Reliance Industries Limited on Tuesday said that, its retail unit has acquired a majority equity stake in online pharma company Netmeds for a consideration around Rs. 620 crores. Just a week before this, Amazon had introduced “Amazon Pharmacy” into business. The oil-to-retail conglomerate said Reliance Retail has acquired a majority stake in Vitalic Health Pvt Ltd and its subsidiaries- collectively known as Netmeds.
RIL has 100% direct equity ownership of Vitalic but the investment is around 60% in the equity share. Vitalic and its subsidiaries viz: Tresara Health Private Ltd, Netmeds Market Place Ltd and Dadha Pharma Distribution Pvt Ltd. Isha Ambani, director of Reliance Retail Ventures said, “This investment is aligned with our commitment to provide digital access for everyone in India.” She also added, “The addition of Netmeds enhances Reliance Retail’s ability to provide good quality and affordable healthcare products and services, and also broadens its digital commerce proposition to include most daily essential needs of consumers.”
Vitalic was incorporated in 2015 and its subsidiaries are in the business of pharma distribution, sales and business support services. It subsidiaries also run an online platform- Netmeds which helps in order to connect customers to pharmacists and enable door step delivery of machines, nutritional health and wellness products.

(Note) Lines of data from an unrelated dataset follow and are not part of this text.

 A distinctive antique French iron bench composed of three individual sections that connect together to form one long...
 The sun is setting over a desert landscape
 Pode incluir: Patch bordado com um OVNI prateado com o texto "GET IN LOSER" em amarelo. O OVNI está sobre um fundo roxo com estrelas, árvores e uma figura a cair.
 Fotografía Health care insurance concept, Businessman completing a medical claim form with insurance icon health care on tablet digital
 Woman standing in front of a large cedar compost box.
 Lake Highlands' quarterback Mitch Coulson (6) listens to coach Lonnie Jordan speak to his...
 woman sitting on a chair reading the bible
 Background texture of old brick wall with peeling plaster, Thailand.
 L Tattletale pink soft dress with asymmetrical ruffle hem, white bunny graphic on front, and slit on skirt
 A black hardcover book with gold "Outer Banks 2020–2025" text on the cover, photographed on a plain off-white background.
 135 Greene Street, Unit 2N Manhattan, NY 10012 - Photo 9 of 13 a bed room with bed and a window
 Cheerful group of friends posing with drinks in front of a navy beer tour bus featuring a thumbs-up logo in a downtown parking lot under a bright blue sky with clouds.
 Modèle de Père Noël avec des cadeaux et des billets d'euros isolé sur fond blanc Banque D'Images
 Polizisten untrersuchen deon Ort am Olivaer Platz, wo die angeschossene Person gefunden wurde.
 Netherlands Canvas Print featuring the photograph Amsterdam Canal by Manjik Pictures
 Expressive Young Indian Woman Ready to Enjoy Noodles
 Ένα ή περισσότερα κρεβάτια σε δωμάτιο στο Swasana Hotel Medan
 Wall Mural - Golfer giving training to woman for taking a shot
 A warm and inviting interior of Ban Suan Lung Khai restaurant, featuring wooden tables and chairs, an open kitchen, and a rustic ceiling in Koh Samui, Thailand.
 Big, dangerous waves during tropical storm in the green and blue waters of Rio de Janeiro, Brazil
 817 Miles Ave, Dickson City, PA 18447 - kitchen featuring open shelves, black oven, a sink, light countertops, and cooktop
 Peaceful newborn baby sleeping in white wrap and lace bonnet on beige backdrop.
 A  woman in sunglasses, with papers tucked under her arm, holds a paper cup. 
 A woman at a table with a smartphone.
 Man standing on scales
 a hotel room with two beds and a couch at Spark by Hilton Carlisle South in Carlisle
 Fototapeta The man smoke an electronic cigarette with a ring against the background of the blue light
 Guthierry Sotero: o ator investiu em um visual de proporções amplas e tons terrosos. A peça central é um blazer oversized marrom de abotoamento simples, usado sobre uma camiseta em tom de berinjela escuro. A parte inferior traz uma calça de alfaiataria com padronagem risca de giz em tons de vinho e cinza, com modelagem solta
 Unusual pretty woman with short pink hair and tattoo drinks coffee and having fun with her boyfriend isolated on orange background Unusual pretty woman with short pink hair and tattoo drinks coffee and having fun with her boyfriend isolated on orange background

Netmeds is promoted by Dadha Pharma, a Chennai-based company. The Dadha family’s pharmaceutical experience dates back to 1914, and later in 1972, they began manufacturing of drugs. The e-pharmacy business has seen a lot of action in the recent week. Amazon launched its “Amazon Pharmacy” in Bengaluru last week. Walmart owned Flipkart is also looking to foray in the space.
Lat month, Reliance industry has become the 1st Indian company to have a market capitalization of Rs. 13 lakh crores, and made a place in the top 50 most valued companies last week. RIL has hit its 52-week low in March i.e. around Rs. 868 and has also made an all time high of Rs. 2198.70 in July. Currently Reliance industry is in a consolidation between 2020-2200, and an investor shall buy after the price goes beyond 2200.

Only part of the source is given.